BAKER’S TOPIC – Chelsea buns
Imagine eighteenth century London, when the king himself, apparently without security or body-guards, would stroll across the parks or take his boat to visit the famous Chelsea Bun House which was known as one of the favourite haunts of George II and his Queen Caroline. After refreshment it was said he would fill the capacious pockets of his frock-coat to take back to the palace some treats for the grand-children.
To make the traditional Chelsea bun you should treat it like puff pastry, laminating the butter, sugar, and cinnamon mix into the dough. After spreading the mix carefully on two-thirds of the dough (see the photos kindly given by Sweet Doughs participant Janice Perrin from Houston) you proceed to fold up both sides in the puff pastry manner, then roll it out for one normal fold. After a long rest it is ready to be rolled out again into the long rectangle that is rolled up in the Swiss Roll manner before cutting.

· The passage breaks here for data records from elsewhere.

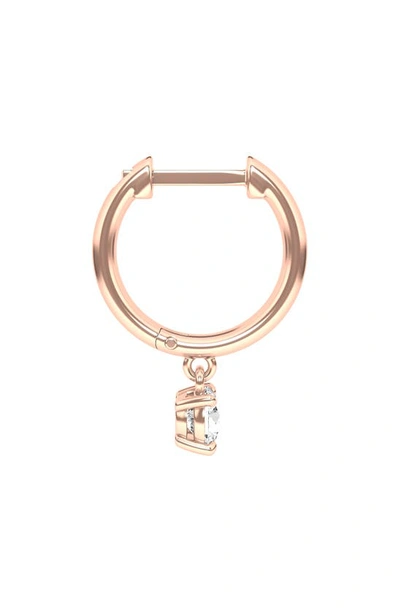 Hautecarat Lab Created Diamond Drop Huggie Hoop Earrings In 18k Rose Gold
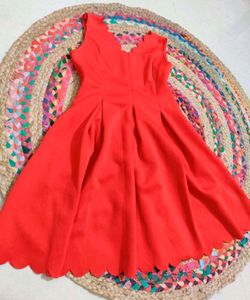 SHEIN Double V Neck Red Dress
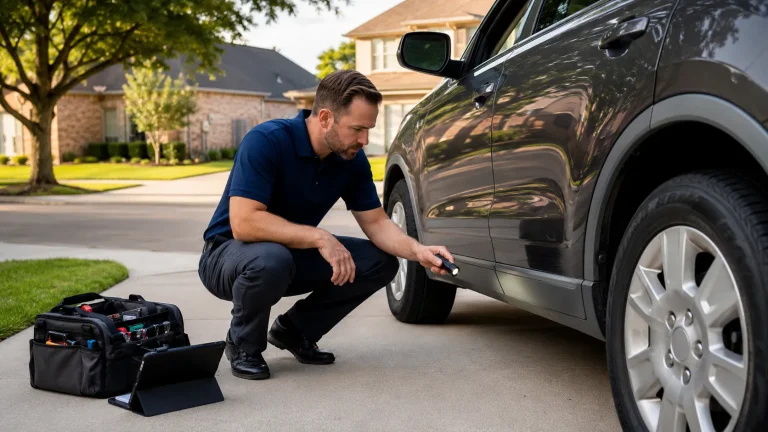 Mobile used car inspector examining a vehicle in a Sugar Land TX driveway as part of a Fort Bend County pre-purchase inspection service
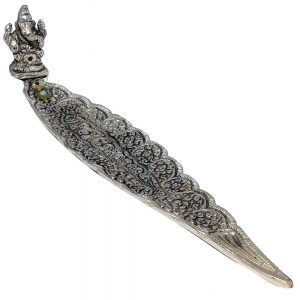 ALUMINIUM INCENSE BURNER - Ganesh Silver 30cm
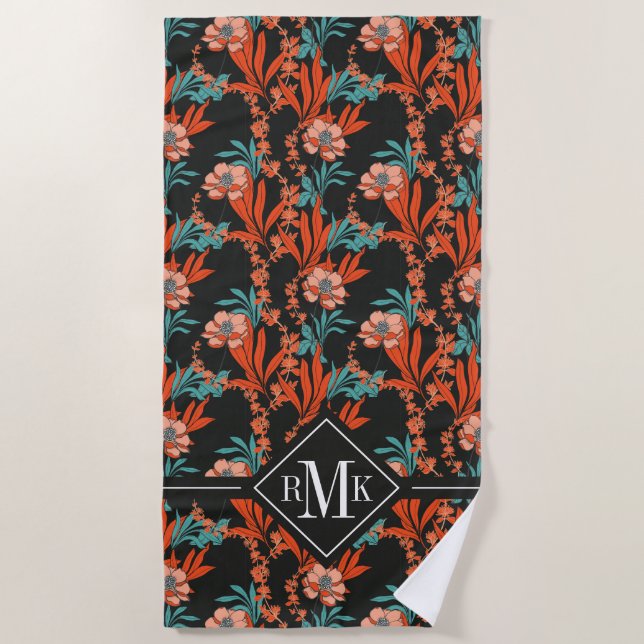 Monogram | Orange Abstract Floral Pattern Beach Towel (Front)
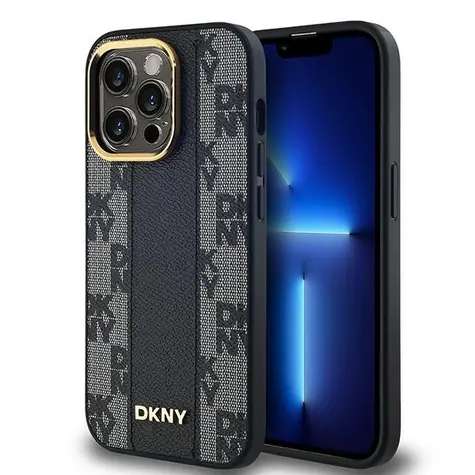 DKNY Lederhülle mit Karomuster, MagSafe, schwarz / iPhone 14 Pro Max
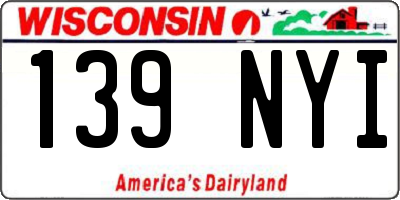 WI license plate 139NYI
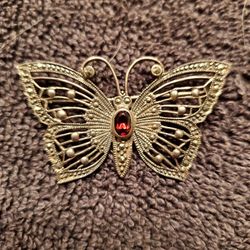Vintage Filigree Butterfly Brooch. 925 Silver With Red Stone.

When cutting them from the long sausage of rolled up dough, be generous in the chunk that is cut off, making them each at least an inch wide, perhaps 30 mm. See photo below:
Place them flat on the baking tray, spacing them thoughtfully because at full proof they are to be just touching the neighbouring bun on all sides. Egg glazing is necessary, and some bakers wash them over with a syrup or honey as soon as they are drawn from the oven.